Disaster History in a nutshell:
"Atmospheric Rivers"
Fellow citizens, we cannot escape history.
-Abraham Lincoln
The phenomenon is best studied on the US West Coast. Historical records attest to the power of "atmospheric rivers" in that region.
The century's storm of the winter of 1861/62 particularly alarms researchers.
On Christmas Eve of that year, the heavens opened their floodgates over California.
In the ensuing weeks, everything unfolded as if from the pages of the Bible - only without an ark. For 45 days, heavy rain clouds traversed the land. Lakes formed in the Mojave Desert and the Los Angeles Basin.
Storms raged almost along the entire North American West Coast, from British Columbia down to Mexico. The Central Valley transformed into a sea of mud, 500 kilometers long and 30 kilometers wide.
An estimated 200,000 cattle drowned. "Thousands of farms are completely underwater," reported author William Brewer, who traveled the land at that time. In some places, not even the tops of telegraph poles protruded from the water.
The sludge stood three meters high in the downtown of the Californian capital, Sacramento. The newly elected governor, Leland Stanford, reached his inauguration by rowboat. During the ceremony on January 10, 1862, the water kept rising.
On the way back, the dignitary could only enter his residence through a window on the first floor. It was not until three months later that the murky water receded.

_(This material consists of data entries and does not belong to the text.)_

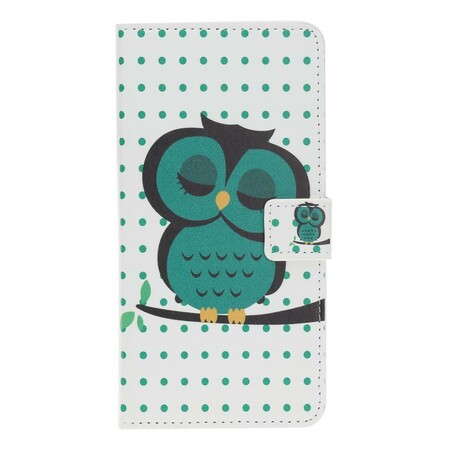 Cover Honor 20 Hibou Endormi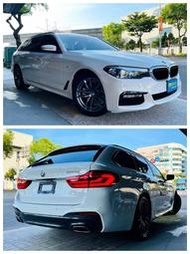 路易SAVE認證，2018年式BMW 520d M-sport 智慧鑰使 總代理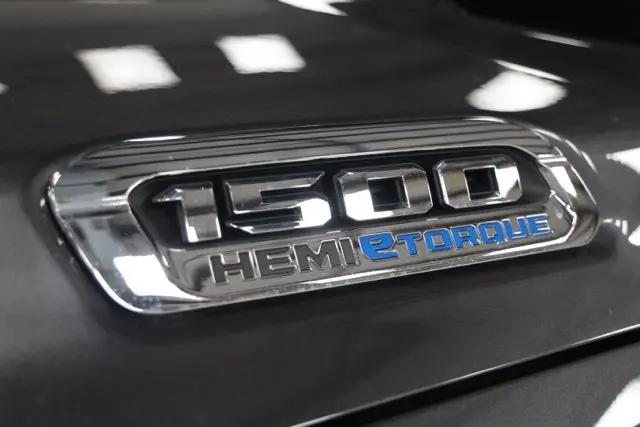 2022 Ram 1500 Big Horn Crew Cab 4x4 57 Box
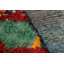 One-of-a-Kind 2'3”x6'2” Hand Knotted Area Rug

By then, the state was bankrupt. "The catastrophe is part of the punishment for our national sins," preached S.C. Thrall, a priest in San Francisco. Whether it was God's wrath or not, it is now established that the century's flood doesn't even rank among the worst in recent history.
The soil of California reveals how uncomfortable it could truly become. To obtain sediment cores, geologists drove their drill bits into marshes and meadows around the Bay of San Francisco.
The profiles unveiled a dramatic past. For example, two superstorms flooded the land at the beginning of the 12th and 15th centuries.
Especially destructive, however, was a storm that swept across the land in the winter of 1605. The floods deposited at least ten times as much sediment as the worst storms of the previous century.
"Atmospheric rivers" are massive bands of moist air currents that form over the oceans and can extend for several thousand kilometers. They transport moist, warm air from the tropics to temperate latitudes and unload their water load on the west coasts of continents.
Over mountain ranges, the air masses rise, cooling in the process. The contained water vapor condenses, leading to heavy rainfall. In the worst case, successive storms can rage for several weeks.
The result: rivers overflow, and coastal plains are extensively flooded.